Last evening, checking sitemeter, I noticed an extraordinary number of visitors to my weblog from India. Tracing their incoming paths, I was able to ascertain that the readers in question were coming to me from The Economic Times Of India website—where, to my alarm, I learned that I had been identified as a World War II expert.
I am no such thing. I disclaim any attributions of expertise on the subject of World War II.
This morning, checking sitemeter, I noticed an even more extraordinary number of visitors to my weblog from Greece. Tracing their incoming paths, I was able to ascertain that the readers in question were coming to me from a Greek newspaper website—where, to my dismay, I learned that my 2011 post about the 1931 German banking crisis had been cited as evidence that the European Union needed to abandon its current austerity program.
Whoever authored this morning’s Greek newspaper article has drawn wrong conclusions from the 1931 German banking crisis. The 1931 German banking crisis has no applicability—and no parallels—to the current European Crisis.
Today’s European Crisis is rooted in institutionalized budget deficits. It is an old-fashioned, Latin-American-style debt crisis, pure and simple. (It is also, in part, a demographic crisis.) Debt crises are solved by paying down debt, by writing off debt, or by inflating as deliberate policy.

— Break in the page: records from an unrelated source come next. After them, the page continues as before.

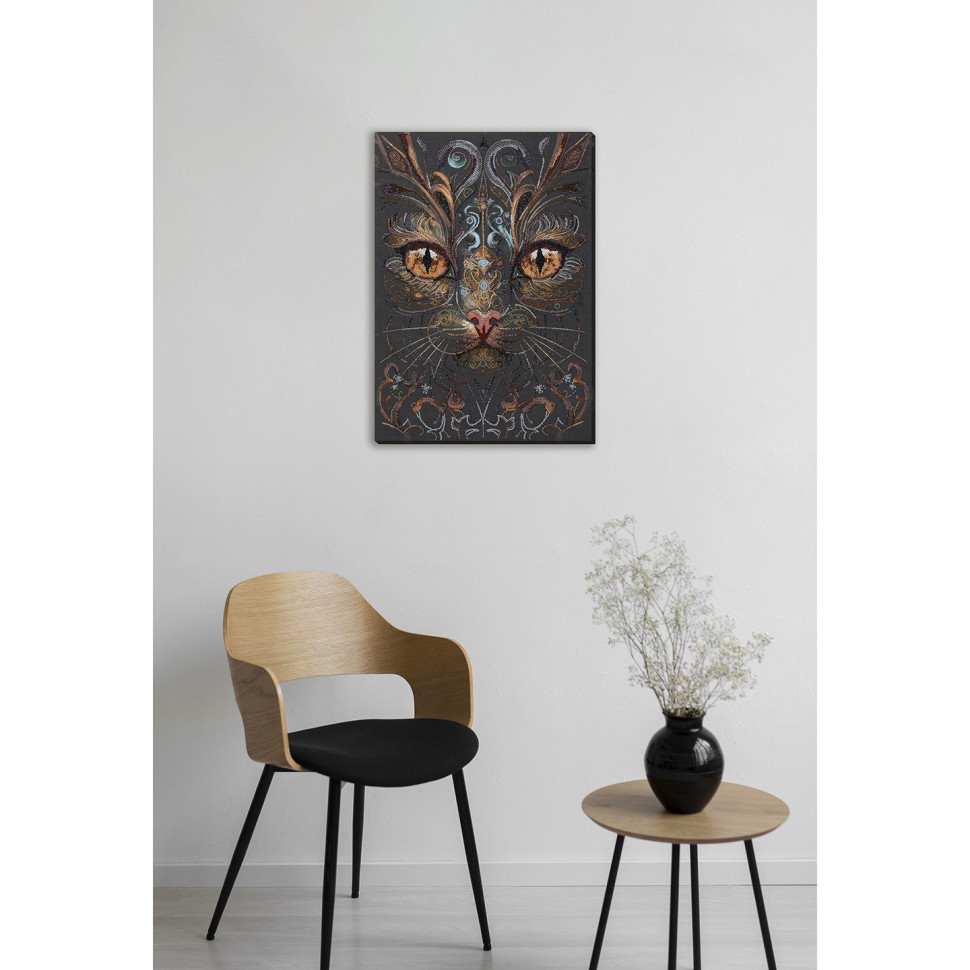 Набір для вишивання бісером "Погляд чаклунки" AB-900 43х30 см Вінниця - фото 5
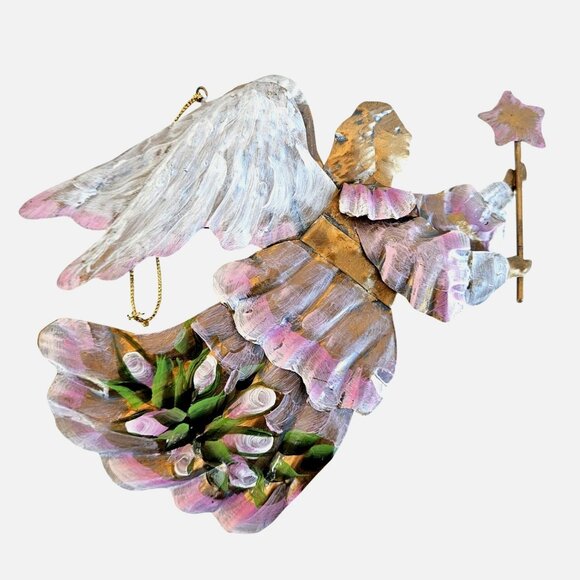 Instant Vintage Christmas Angel Ornament Collection Holiday Decor Bundle - Picture 2 of 14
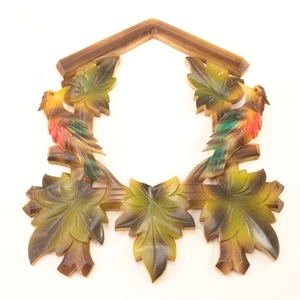 Cuckoo Clock Frame with Birds 11-3/4 inches tall - Vintage - XC840 - Picture 1 of 2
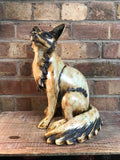Sitting Fox by Jan Beeny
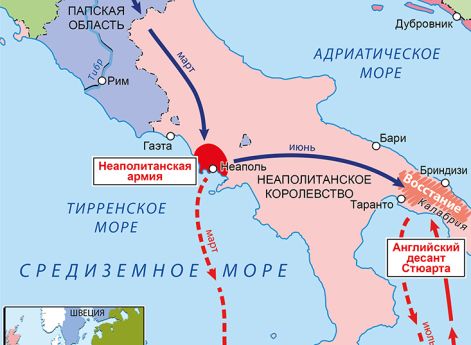 Действия в Южной Италии, февраль–июль 1806 г.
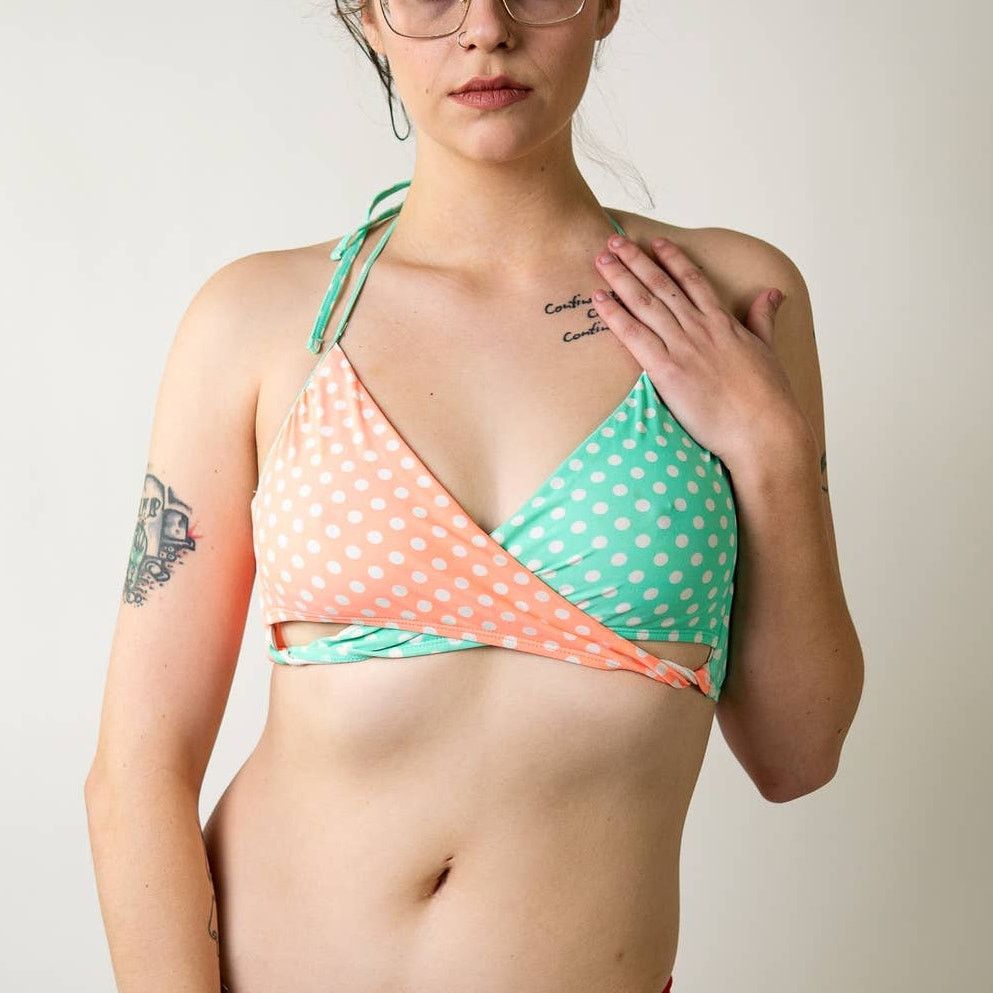 Designer Malibu Dream Girl Bikini Top Size ONE SIZE - 2 Thumbnail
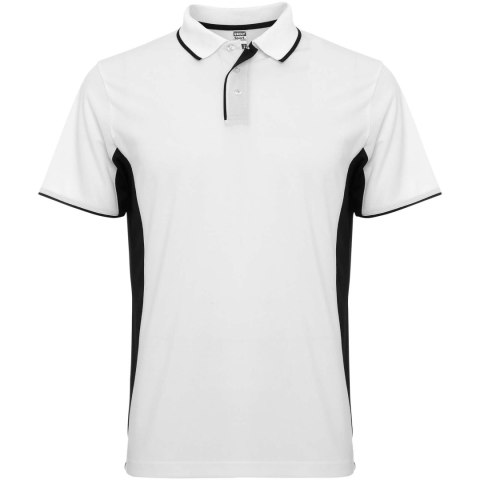 Montmelo koszulka polo unisex z krótkim rękawem biały, czarny (R04218R2)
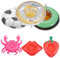 SOPOTUTU 1 Juego Soporte Inflable para Bebidas De Portavasos Flotantes para Piscina Fiesta De Tropicales 6 Piezas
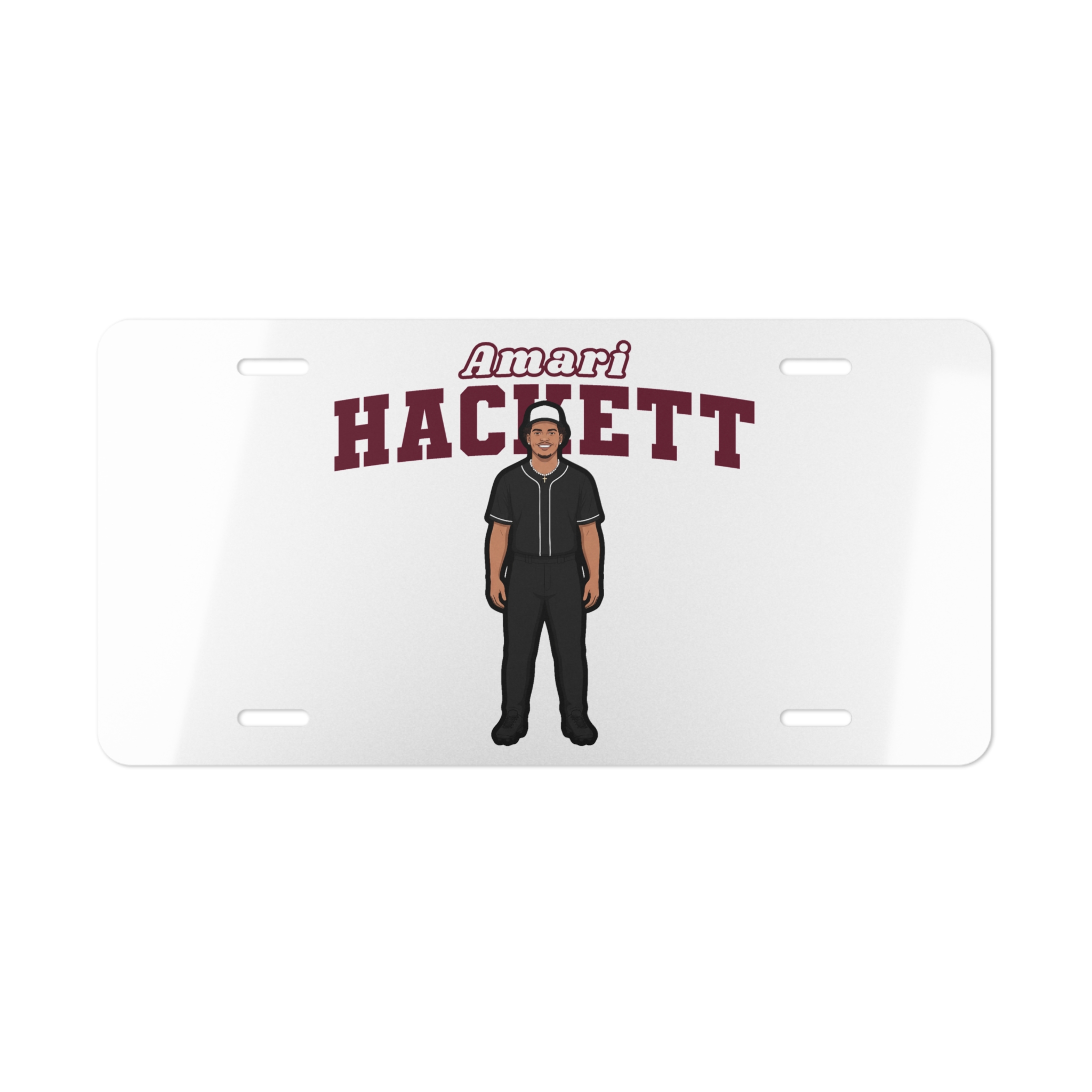 License Plate — character_name_arch in Classic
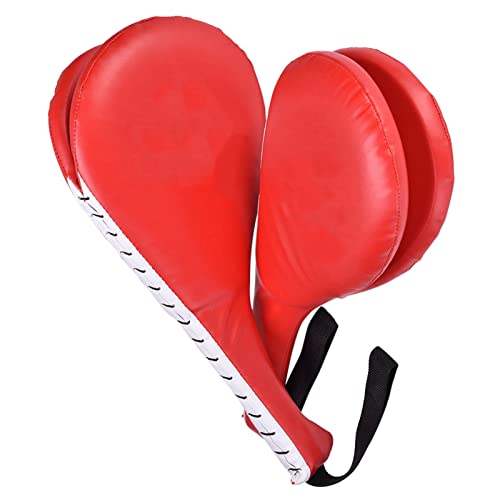 1 Pair Taekwondo Double Kick Pads, Target Kicking Training Paddles Double Strike Pads Martial Arts Striking Pad PU Hand Pads für Kickboxen und Karate Train von Ejoyous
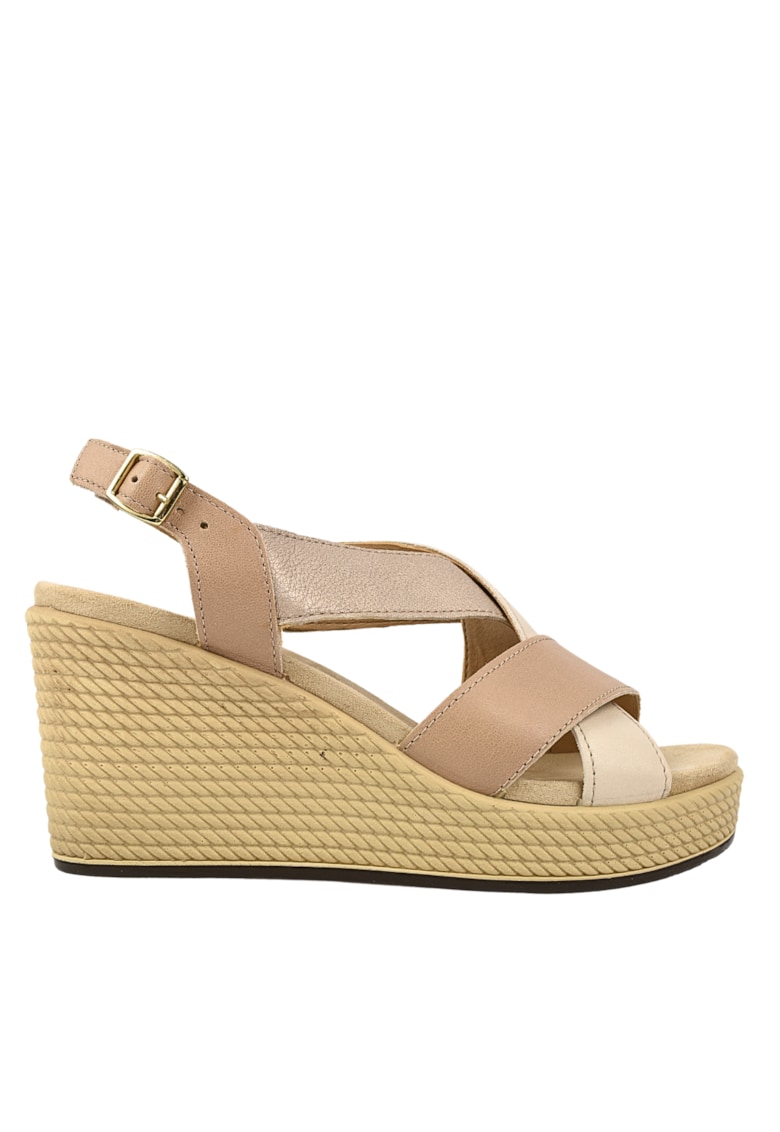 Sandale casual - dama - 559080 auriu - piele naturala - platforma 1 Sandale casual - dama - 559080 auriu - piele naturala - platforma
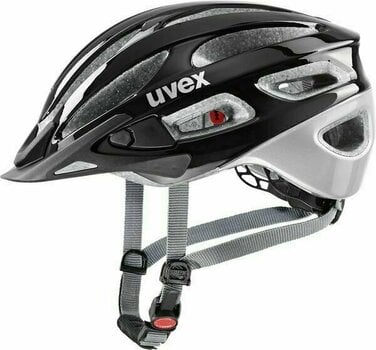 Cyklistická helma UVEX True Black/Silver 55-58 Cyklistická helma - 1
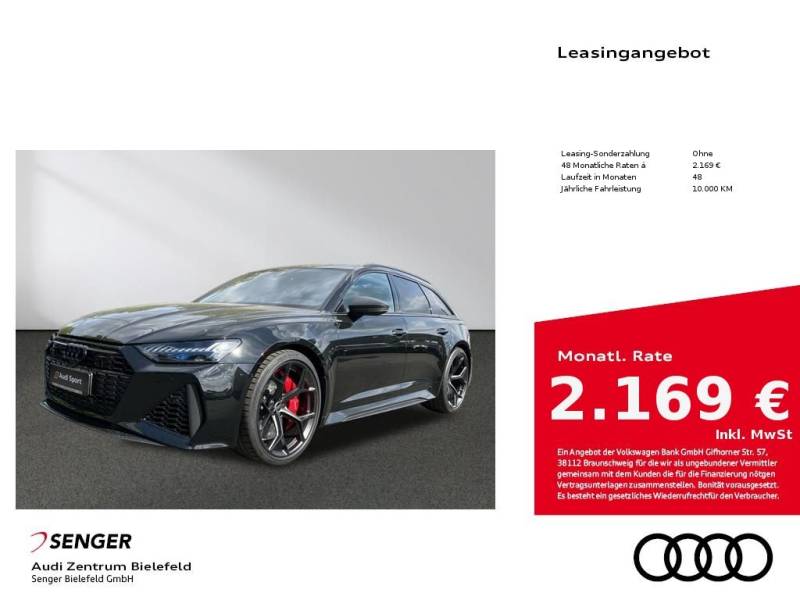 Audi RS6 Avant performance RS Dynamik-Paket plus Navi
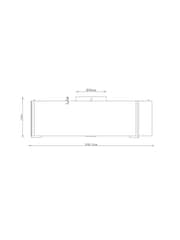 White Oakham 2 Light Flush Fitting Ceiling Light - Image 3 of 3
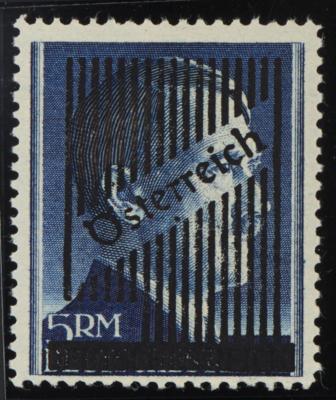 ** - Österr. 1945 - Nr. (12) A (5 RM Gitter in Lz 12 1/2), - Francobolli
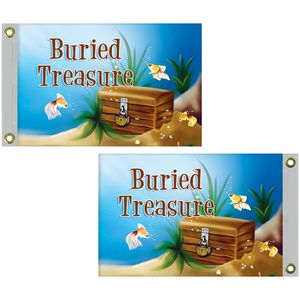 Double Sided Knitted Polyester Rectangle Boat Flag (12"x18")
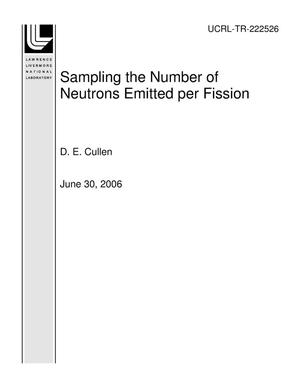 Sampling the Number of Neutrons Emitted per Fission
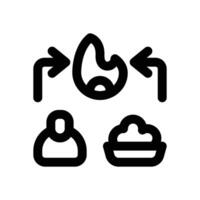 metabolism line icon. Clean and minimalist icon for websites and mobile apps. vector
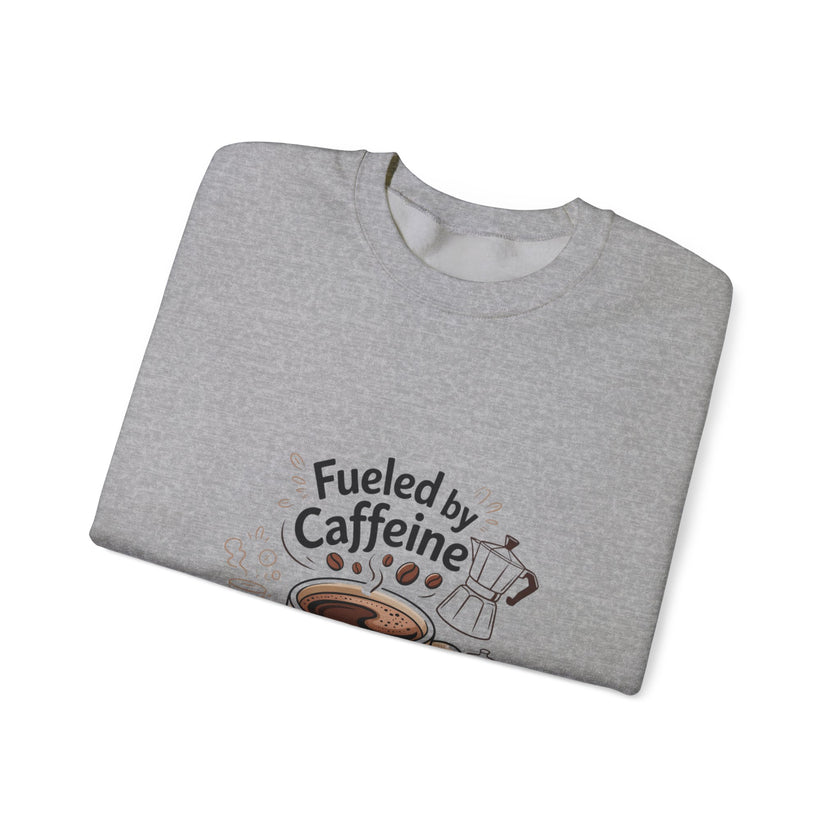 Coffee Lover's Crewneck Sweatshirt - Fueled by Caffeine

Debt crises are never solved by acquiring more debt.
The 1931 German banking crisis was an old-fashioned trade-and-currency crisis rooted in the foreign policies of other nations: a nation running large budget and trade surpluses was forced to send those surpluses overseas for years at a time as part of war reparations. The crisis might have been averted by halting the payment of war reparations (which Britain and France were unwilling to forego) and by allowing Germany to invest its domestic wealth-production internally (which is precisely what happened as soon as Hitler was installed as Chancellor).
I find it amusing that other European nations now want Germany, once again, to send its large budget and trade surpluses overseas.
It is a long-delayed war-reparations strategy of sorts.